Sometimes it's hard for a tutor to come up with a specific plan for a specific student before you meet. I'm sure YOU know your son very well, but a tutor won't know anything about your son except for what you may have told a prospective tutor. As a general rule, the more information you can provide before your first session, the more prepared your tutor will be.
I need a tutor for my son, who is struggling with 8th grade math.
This ad leaves a lot of questions in my mind. Is this student significantly behind his peers? Is he in an accelerated pre-algebra course? Is he in remedial math? Does this student have any learning disabilities that I should be aware of? (Many tutors won't mind either way if a learning disability is present, but it IS important information for the tutor to have, since it might mean that your tutor's techniques and strategies in working with your son might be a little different, like planning for a break halfway through an hour-long session or bringing manipulatives to help illustrate math concepts.) Is he receiving any other help (after-school tutoring, study groups, etc)? Where exactly is his class right now? Are they working on reviewing fractions and decimals? Square roots?

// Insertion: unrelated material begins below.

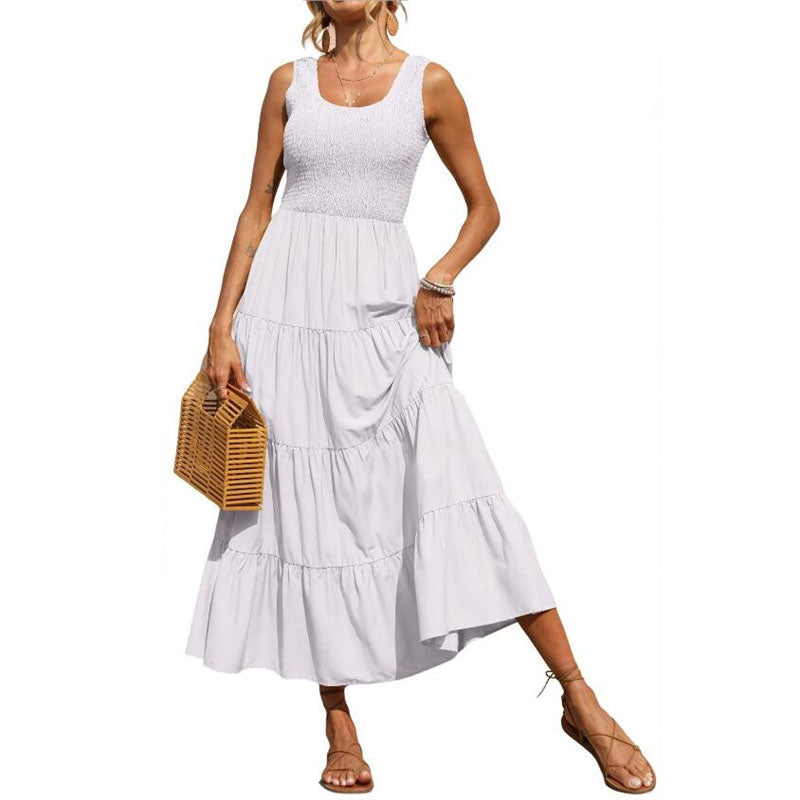 Solid Color Sleeveless Sling Swing Maxi Dress for Women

Any decent tutor should be able to make a reasonable guess at what topics your son should know in a given class. However, it's WAY more helpful for a tutor if you can provide a list of topics (in order) that your son's teacher will be covering. I personally do NOT promise to be able to come up with a specific plan for any student until we've met and I've been able to do a quick evaluation of where the student is now, and where they need to be. I can give parents a quick ballpark of what I think we might need to work on, but if my ballpark is incorrect, that can lead to frustration and resentment on both sides, which is NOT a good place to start for either party.
The other important factor in coming up with a plan is how quickly your child learns with whatever method your tutor is using. I've been able to cover square roots with about 70% mastery in an hour with some students, while others need hours and hours of practice before they 'get it.' The more your child works with a specific tutor, the better that tutor will know how your son learns. As your tutor gets to know your son (and more importantly, how his mind processes new information), the more quickly they'll be able to move through new material.

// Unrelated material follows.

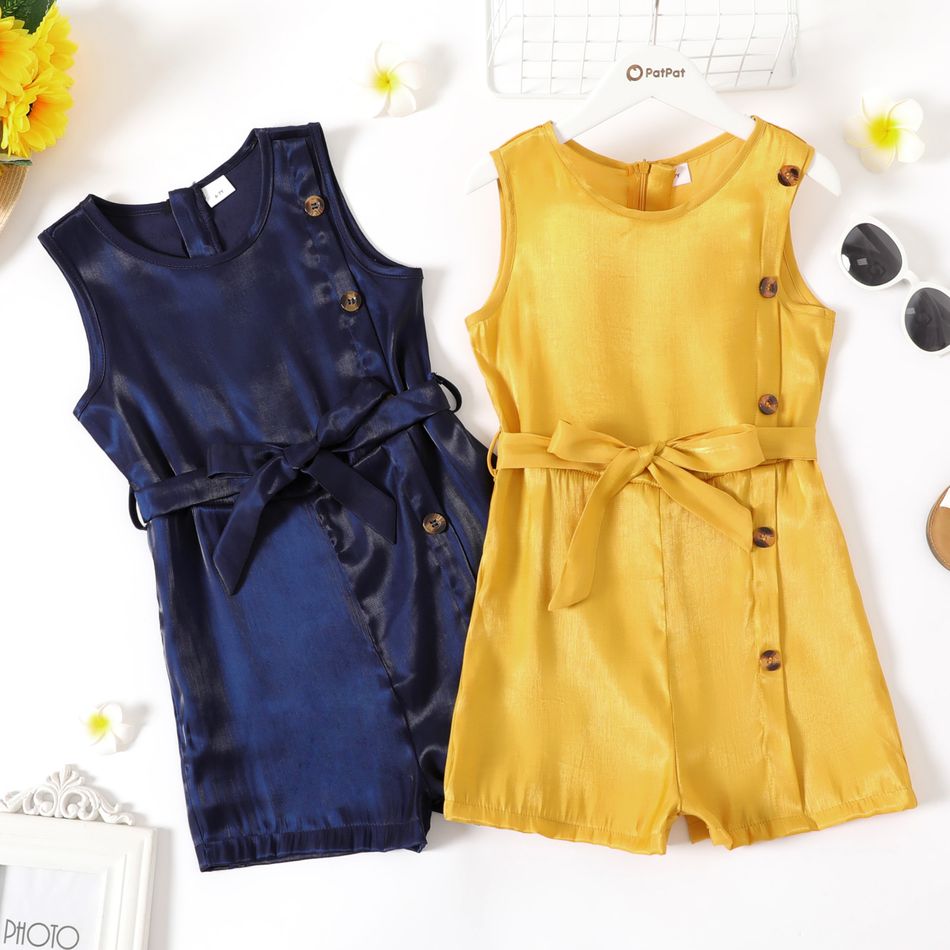 Kid Girl Button Design Solid Color Sleeveless Belted Chiffon Rompers Deep Blue big image 2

Learning is a process that frequently cannot be rushed. Some students simply need more time to master a particular concept. It is what it is. Here's an important point: just because a student moves slowly through academic material, doesn't mean they're not smart. I've seen many highly intelligent students who can't tell me who the 4th President of the United States was after they've completed that unit of study. I've also seen many students who have struggled with school for as long as they can remember who work exponentially as hard, but remember the majority of what they've learned in school over the years, many years after a given unit is done.
Here's the type of information I would love to have from any parent/prospective student (not necessarily in an ad, though, I'd be happy with this information in an email):
I am looking for a tutor for my son, who is currently in pre-algebra. His class is currently working on square roots. We did OK with multiplication and division, and he kind of understands exponents. He's really having a lot of trouble coming up with an equation when given a word problem. He was diagnosed with a learning disability in math two years ago. He also is struggling in English, but his grades are OK in English. He is not very motivated in math right now and dreads it. It's been a real struggle to get him to do his homework and has very little interest in learning math. We've tried after-school tutoring at school, but it didn't help very much. I'd like to start meeting once or twice a week and see how it goes.
This gives a tutor WAY more information and allows the tutor to come specifically prepared to evaluate whether your son's multiplication and division skills need more work to properly prepare him for working with square roots. Knowing that he is also struggling in English might suggest that his learning disability are also affecting critical thinking skills. That might not seem very important off-hand, but if your tutor can help your son with critical thinking skills in math, it might help improve his grade in English as well!
Sometimes tutors have to go backwards before we can go forwards. If a student doesn't have a good foundation to build on, trying to move forward might only result in more frustration for everyone involved. If you're upset because a specific tutor has refused to give you a specific plan of action without meeting your son, it's probably a GOOD SIGN! I'm sure your family doctor wouldn't offer a treatment plan of any kind without doing a physical exam if something was going on in your body, so why would a tutor offer a treatment plan for someone they've never met?
If your prospective tutor has good credentials and positive feedback on WyzAnt (assuming they've been with WyzAnt for a month or longer), give it a try! You can always request a refund if your tutor and your son don't seem to work well together.